The Live! Pittsburgh casino was slapped with two fines totaling $30,000 Wednesday by the Pennsylvania Gaming Control Board, which also imposed penalties on Parx Casino and a truck stop chain that hosts VGT machines.
At its monthly meeting, the regulator announced consent agreements in which each of those violators agreed to the findings by PGCB investigators.
Live! Pittsburgh, located about 30 miles east of Pittsburgh in Westmoreland County, is one of the state’s four “mini-casinos” allowed 750 or fewer slot machines. It is owned by The Cordish Companies, which also owns the larger Live! Philadelphia property.
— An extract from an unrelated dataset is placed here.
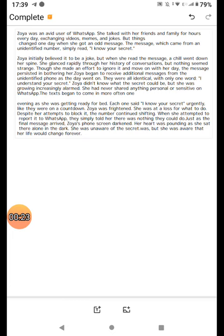Zoya initially believed it to be a joke, but when she read the message, a chill went down her spine. She glanced rapidly through her history of conversations, but nothing seemed strange.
The board issued Live! a $20,000 fine for two instances in which individuals who were on the state’s voluntary self-exclusion list for problem gamblers were able to access the gaming floor to gamble. A $10,000 fine was also imposed for allowing an underage gambler.
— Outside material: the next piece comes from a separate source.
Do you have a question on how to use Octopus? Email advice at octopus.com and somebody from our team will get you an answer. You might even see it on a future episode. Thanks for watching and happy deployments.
While the underage gambler and one of the self-excluded gamblers were quickly detected and escorted out, a 56-year-old woman on the self-excluded list was on the gaming floor for seven hours and was able to complete multiple transactions at the cashier’s cage before being removed. Those who have placed themselves on the self-excluded list for their own good, which currently amounts to more than 20,000 individuals, are deemed to be trespassing if inside a casino.
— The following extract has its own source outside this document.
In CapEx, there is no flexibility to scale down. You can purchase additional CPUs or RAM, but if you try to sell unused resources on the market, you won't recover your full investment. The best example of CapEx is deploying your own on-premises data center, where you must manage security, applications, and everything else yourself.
While Live! officials at the hearing said a cashier should have identified the woman as excluded when she presented her ID for a cash advance as her first transaction, they also said it’s hard otherwise to identify self-excluded older adults who are present, since no IDs are required of them at security-staffed entrances.
“We may have self-excluded [individuals] in there and we may not have a clue,” a casino representative said in noting it’s typically only use of a player loyalty card or other ID that creates a red flag. “If they’re 56, they walk by and we welcome them in. … We have people come in all day long who may be self-excluded.”
The two other fines issued did not involve customers but, instead, the more technical aspects of meeting board regulations.
Parx, owned by Greenwood Gaming and Entertainment and operator of two casinos including the state’s largest in Bucks County, was fined $18,075 for failing to submit license renewal applications in a timely manner. Meanwhile, Love’s Travel Stops & Country Stores Inc., which provides VGTs at five truck stops, was fined $25,000 for failing to notify the board of a change in its ownership structure.